Saturday, June 14, 2008

wave of mutilation...

so i've kind of had it. with just about everything.

i've been giving some consideration to the relationships i have with people, and i've come to some conclusions. it seems as though everyone around me has paired off into their own little groups, none of which am i involved in. and so there i stand in the middle of this circle, surrounded by all of these off-shoots of friendships or relationships or what have you. so there i am, this pillar of one in the middle, and it's just me. oh sure, i'm a great place of refuge for when shit goes wrong in the lives of those around me, but otherwise i don't seem to be worthy of much more than small talk, and the occasional hug.
i would not see most of the people i call my "friends" if i didn't either work with them, or run into them at work. there are no invitations to hang out, no movies or get togethers unless i organize them myself, at which point it's all the pairs together, and me still feeling very alone amongst the group.
then there's rob...people mistake us for a couple all the time, but we couldn't be farther from it. everyone assumes that he counts as my partner in crime...my other half in my own little "pair", if you will, but he's not. we live together, and that's about it. hell, we're around each other so much, it makes actually hanging out nearly impossible, and rarely enjoyable.

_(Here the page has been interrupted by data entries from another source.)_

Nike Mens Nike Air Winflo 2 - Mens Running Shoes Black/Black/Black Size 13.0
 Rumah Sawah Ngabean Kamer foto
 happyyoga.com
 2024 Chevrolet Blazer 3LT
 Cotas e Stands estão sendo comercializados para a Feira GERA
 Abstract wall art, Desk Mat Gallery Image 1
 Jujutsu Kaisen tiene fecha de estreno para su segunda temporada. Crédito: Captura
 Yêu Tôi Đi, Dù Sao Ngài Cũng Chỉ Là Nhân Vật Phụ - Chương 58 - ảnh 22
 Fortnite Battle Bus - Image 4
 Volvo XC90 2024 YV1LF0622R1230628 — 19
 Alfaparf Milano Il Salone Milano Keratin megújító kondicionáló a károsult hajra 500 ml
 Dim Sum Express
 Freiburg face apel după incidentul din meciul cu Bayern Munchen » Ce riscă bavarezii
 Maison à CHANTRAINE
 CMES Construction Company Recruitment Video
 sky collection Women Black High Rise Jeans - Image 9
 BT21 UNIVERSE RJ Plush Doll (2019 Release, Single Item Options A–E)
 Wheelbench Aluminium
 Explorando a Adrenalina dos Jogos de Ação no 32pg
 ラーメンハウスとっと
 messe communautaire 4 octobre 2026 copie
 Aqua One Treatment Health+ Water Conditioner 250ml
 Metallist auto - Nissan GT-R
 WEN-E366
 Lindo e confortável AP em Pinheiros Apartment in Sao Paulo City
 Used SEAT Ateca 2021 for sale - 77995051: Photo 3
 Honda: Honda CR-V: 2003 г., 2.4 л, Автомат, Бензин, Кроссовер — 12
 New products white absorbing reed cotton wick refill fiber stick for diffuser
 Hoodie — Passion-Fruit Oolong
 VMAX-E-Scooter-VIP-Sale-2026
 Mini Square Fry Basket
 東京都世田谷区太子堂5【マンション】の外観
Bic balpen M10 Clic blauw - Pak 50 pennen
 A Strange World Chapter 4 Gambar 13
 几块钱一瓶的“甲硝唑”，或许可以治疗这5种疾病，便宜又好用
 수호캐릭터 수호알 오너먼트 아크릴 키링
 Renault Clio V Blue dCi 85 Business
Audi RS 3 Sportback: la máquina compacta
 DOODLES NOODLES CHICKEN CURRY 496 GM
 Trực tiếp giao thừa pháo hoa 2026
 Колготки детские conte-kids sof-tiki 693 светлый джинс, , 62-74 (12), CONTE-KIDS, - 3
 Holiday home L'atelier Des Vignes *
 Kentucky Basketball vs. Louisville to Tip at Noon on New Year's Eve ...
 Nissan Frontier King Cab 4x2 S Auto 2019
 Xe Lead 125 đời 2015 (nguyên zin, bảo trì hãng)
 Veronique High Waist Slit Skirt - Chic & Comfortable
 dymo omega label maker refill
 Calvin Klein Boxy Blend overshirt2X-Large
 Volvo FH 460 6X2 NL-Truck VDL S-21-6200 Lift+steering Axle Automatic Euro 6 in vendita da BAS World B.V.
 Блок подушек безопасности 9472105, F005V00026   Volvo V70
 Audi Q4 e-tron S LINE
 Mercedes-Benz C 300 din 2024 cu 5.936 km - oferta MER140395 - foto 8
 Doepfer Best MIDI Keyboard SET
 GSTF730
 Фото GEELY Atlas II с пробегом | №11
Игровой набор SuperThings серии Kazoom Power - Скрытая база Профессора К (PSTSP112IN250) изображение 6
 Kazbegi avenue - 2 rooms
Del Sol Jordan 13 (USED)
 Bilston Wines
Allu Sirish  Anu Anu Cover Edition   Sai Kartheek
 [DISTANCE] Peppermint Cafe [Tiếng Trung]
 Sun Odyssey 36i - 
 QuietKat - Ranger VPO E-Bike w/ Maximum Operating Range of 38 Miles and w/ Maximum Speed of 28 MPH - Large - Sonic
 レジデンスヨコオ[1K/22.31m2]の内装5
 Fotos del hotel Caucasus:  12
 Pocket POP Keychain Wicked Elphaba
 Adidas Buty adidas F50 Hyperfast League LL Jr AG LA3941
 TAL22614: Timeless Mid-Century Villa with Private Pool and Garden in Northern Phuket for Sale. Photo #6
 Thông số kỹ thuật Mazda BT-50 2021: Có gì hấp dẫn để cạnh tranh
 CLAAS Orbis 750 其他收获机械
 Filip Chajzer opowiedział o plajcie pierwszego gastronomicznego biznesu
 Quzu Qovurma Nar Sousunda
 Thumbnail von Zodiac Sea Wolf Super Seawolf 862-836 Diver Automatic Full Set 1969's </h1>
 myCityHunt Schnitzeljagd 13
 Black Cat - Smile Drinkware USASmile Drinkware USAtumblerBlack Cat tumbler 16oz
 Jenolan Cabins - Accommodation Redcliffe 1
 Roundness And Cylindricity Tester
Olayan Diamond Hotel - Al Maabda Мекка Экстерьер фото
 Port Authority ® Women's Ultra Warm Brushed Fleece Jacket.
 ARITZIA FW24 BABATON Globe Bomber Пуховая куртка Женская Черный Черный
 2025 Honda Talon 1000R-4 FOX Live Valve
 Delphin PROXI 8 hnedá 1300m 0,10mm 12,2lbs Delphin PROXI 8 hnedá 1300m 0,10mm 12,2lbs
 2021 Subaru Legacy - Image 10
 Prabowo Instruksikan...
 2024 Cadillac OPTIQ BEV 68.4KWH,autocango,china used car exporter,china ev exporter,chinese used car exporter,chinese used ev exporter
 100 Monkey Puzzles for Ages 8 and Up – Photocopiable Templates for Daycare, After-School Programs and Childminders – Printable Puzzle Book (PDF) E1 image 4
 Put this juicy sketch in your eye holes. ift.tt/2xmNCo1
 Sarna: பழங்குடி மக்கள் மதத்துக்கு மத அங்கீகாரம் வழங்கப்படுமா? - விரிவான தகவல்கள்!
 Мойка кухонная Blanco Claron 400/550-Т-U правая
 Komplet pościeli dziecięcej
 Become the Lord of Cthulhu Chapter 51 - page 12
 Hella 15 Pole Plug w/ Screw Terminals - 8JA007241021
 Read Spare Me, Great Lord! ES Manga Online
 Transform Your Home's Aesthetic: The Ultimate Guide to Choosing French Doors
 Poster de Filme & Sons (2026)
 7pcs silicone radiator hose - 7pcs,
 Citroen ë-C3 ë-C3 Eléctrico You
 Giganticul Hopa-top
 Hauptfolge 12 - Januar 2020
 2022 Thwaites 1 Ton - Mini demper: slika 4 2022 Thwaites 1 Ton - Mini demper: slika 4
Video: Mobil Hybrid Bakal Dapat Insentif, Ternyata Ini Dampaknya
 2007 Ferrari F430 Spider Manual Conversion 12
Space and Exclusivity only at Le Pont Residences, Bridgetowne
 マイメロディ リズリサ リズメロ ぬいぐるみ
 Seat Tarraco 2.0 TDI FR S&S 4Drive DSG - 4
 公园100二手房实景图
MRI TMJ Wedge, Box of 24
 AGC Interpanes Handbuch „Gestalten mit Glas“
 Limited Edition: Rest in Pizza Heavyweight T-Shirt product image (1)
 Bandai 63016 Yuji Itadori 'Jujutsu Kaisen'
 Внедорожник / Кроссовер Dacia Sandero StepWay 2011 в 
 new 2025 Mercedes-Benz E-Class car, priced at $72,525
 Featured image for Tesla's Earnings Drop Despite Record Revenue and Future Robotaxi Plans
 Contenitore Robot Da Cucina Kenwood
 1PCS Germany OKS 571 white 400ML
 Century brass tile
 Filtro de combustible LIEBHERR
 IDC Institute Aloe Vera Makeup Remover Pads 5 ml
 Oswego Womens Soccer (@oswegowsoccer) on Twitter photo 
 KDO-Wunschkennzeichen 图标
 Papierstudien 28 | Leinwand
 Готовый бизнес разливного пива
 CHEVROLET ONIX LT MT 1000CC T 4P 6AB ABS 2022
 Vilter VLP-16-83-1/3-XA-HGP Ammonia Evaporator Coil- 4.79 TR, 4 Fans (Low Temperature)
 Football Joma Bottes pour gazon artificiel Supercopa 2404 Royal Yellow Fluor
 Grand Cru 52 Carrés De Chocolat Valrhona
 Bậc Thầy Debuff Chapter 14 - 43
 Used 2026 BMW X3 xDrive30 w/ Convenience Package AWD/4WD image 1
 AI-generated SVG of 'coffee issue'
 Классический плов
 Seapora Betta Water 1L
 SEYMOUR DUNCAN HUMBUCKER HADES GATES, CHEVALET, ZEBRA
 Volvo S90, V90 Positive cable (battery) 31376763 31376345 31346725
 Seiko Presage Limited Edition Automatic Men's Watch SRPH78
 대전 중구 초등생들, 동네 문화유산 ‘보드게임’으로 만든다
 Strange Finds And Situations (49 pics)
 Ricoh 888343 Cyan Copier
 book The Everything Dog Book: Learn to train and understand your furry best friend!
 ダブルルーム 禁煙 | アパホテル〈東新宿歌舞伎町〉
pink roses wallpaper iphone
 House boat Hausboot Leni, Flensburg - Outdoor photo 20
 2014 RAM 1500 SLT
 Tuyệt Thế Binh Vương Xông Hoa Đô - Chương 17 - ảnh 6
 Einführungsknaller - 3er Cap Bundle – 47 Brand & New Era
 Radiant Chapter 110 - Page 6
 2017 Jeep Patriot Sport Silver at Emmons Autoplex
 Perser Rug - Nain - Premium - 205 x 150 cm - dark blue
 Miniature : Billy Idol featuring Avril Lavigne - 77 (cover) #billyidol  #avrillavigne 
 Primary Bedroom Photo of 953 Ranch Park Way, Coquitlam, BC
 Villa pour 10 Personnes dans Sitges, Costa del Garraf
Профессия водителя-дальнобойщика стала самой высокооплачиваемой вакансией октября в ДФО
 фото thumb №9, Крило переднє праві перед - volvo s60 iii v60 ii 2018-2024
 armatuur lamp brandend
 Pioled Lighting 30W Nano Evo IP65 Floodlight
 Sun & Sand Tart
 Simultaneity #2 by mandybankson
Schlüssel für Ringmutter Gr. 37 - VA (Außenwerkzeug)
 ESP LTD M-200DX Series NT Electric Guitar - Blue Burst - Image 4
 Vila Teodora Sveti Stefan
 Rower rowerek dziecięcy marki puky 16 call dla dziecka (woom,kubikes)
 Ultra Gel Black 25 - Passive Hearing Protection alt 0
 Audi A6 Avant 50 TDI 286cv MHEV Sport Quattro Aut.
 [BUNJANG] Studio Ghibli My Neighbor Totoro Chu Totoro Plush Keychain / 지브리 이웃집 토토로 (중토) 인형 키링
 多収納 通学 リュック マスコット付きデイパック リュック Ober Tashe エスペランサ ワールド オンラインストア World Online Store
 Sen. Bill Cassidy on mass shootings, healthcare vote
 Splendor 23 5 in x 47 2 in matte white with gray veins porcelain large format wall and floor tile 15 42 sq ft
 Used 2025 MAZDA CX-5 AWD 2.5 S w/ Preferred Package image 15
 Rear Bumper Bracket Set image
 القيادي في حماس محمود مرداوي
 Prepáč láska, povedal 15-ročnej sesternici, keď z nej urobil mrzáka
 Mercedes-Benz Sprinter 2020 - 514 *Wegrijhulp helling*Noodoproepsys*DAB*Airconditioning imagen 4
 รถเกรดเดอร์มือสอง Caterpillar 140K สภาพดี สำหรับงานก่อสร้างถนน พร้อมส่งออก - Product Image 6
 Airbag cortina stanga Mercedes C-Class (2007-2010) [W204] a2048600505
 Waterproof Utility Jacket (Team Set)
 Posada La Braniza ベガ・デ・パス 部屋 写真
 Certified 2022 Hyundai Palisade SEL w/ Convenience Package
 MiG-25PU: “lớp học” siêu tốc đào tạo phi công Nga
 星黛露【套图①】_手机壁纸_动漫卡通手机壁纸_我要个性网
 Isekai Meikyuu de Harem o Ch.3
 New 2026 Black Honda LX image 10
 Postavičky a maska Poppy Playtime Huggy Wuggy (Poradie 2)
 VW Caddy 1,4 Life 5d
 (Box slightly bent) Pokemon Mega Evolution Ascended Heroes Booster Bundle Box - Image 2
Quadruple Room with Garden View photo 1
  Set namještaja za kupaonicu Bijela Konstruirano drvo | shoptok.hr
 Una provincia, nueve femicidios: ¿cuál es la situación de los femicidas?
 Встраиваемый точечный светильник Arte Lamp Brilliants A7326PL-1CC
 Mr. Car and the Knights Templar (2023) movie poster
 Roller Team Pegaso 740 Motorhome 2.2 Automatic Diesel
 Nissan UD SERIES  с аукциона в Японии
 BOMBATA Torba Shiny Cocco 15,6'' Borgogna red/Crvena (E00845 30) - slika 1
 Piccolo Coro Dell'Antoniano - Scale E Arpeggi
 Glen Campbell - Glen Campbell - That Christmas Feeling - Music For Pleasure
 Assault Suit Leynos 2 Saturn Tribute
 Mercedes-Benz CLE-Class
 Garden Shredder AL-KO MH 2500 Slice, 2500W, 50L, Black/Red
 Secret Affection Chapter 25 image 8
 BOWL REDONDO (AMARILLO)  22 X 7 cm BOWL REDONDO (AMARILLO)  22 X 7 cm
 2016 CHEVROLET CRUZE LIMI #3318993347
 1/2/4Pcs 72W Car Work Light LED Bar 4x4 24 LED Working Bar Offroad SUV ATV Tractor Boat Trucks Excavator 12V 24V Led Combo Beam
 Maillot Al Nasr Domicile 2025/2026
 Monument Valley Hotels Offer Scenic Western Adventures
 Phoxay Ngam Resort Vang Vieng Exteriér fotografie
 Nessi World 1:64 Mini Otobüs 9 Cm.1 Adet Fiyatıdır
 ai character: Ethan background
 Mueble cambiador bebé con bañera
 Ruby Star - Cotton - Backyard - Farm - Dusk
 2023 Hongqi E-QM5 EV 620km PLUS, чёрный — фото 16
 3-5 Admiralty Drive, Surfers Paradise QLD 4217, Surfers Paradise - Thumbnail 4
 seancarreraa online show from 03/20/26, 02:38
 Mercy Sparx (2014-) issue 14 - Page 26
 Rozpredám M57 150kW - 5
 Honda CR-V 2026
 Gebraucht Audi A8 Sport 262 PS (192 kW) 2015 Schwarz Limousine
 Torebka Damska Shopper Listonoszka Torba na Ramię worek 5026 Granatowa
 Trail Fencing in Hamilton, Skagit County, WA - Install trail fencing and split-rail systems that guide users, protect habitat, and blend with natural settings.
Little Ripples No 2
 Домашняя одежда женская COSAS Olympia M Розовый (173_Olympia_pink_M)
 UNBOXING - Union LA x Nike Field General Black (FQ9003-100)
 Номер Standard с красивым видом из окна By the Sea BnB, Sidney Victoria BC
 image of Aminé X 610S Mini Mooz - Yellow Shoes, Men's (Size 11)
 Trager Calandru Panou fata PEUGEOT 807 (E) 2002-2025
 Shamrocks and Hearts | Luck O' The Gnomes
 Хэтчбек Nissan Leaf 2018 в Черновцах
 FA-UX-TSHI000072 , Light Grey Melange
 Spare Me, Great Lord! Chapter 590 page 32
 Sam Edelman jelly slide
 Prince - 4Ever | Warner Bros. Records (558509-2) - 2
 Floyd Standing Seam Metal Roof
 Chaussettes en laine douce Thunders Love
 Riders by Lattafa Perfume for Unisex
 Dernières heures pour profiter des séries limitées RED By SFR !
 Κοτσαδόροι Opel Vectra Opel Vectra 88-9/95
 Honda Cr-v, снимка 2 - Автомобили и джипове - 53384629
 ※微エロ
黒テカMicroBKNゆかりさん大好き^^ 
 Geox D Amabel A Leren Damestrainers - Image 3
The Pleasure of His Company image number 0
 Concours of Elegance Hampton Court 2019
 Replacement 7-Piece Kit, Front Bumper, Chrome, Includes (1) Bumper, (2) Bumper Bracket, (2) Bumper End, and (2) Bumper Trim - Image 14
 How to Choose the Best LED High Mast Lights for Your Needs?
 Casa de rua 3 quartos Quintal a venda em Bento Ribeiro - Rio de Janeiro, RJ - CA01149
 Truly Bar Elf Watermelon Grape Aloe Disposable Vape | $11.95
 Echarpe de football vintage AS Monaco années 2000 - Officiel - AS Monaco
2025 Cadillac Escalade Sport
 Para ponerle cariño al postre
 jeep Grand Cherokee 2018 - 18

i don't know. i'm probably over-thinking things, as i have a tendency to do. but all i know is how i feel, and this feeling of being alone sucks. i'm tired of always feeling like the third wheel, or as though it's a job to hang out with me. i'm sure this says something about me...maybe i'm too much of a pain in the ass. maybe i'm not as good of a friend as i thought i was, or as i strive to be. i try, but i always seem to end up back here, in this place of hurt. it's all very high school...i know. it's all quite pathetic.
i haven't gotten out of my pj's all day. i've been up a total of four and a half hours today, with a four hour nap thrown in there. it's now 8p.m. and i'm trying to decide if i want to bother with taking a shower, and trying to venture into the world at all today, or if i would rather just say fuck it, take a handful of pills and go back to sleeping away the world for as long as possible. currently, the latter of the two is sounding more ideal. i don't know, i'll try to give it an hour and see how it goes i guess.

by the way, if you're not someone that currently holds a physical place in my day to day or week to week life, then this does not apply to you. i would hate for the one person who has made me smile recently to think this was about her.